Some information about locale (was Re: [Python-Dev] repr vs. str and locales again)

Guido van Rossum guido@python.org
Mon, 22 May 2000 15:38:17 -0500


[Fredrik]
> > > - 8-bit binary arrays.  may contain binary goop, or text in some strange
> > >   encoding.  upper, strip, etc should not be used.

[Guido]
> > These are not strings.

[Ping]
> Indeed -- but at the moment, we're letting people continue to
> use strings this way, since they already do it.

Oops, mistake.  I thought that Fredrik (not Fred! that's another
person in this context!) meant the array module, but upon re-reading
he didn't.

> > > - 8-bit text strings using the system encoding.  upper, strip, etc works
> > >   as long as the locale is properly configured.
> > > 
> > > - 8-bit unicode text strings.  upper, strip, etc may work, as long as the
> > >   system encoding is a subset of unicode -- which means US ASCII or
> > >   ISO Latin 1.
> > 
> > This is a figment of your imagination.  You can use 8-bit text strings
> > to contain Latin-1, but you have to set your locale to match.
> 
> I would like it to be only the latter, as Fred, i, and others
Fredrik, right?
> have previously suggested, and as corresponds to your ASCII
> proposal for treatment of 8-bit strings.
> 
> But doesn't the current locale-dependent behaviour of upper()
> etc. mean that strings are getting interpreted in the first way?
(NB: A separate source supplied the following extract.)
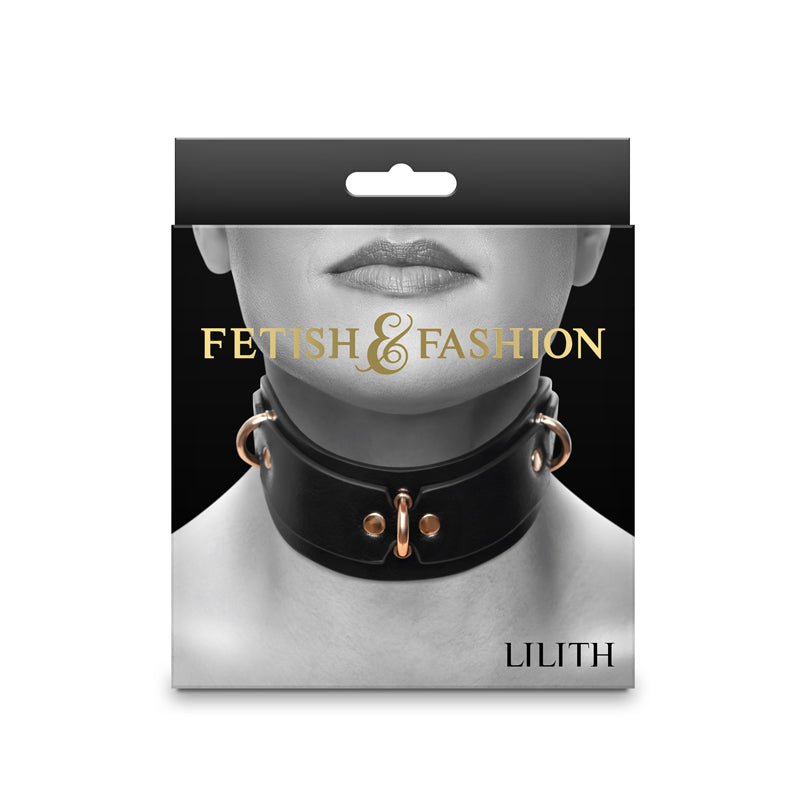 Fetish & Fashion - Lilith - Black/Red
That's what I meant to say -- 8-bit strings use the system encoding
guided by the locale.

> > > is this complexity really worth it?
> > 
> > From a backwards compatibility point of view, yes.  Basically,
> > programs that don't use Unicode should see no change in semantics.
> 
> I'm afraid i have to agree with this, because i don't see any
> other option that lets us escape from any of these four ways
> of using strings...

Which is why I find Fredrik's attitude unproductive.

And where's the SRE release?

--Guido van Rossum (home page: http://www.python.org/~guido/)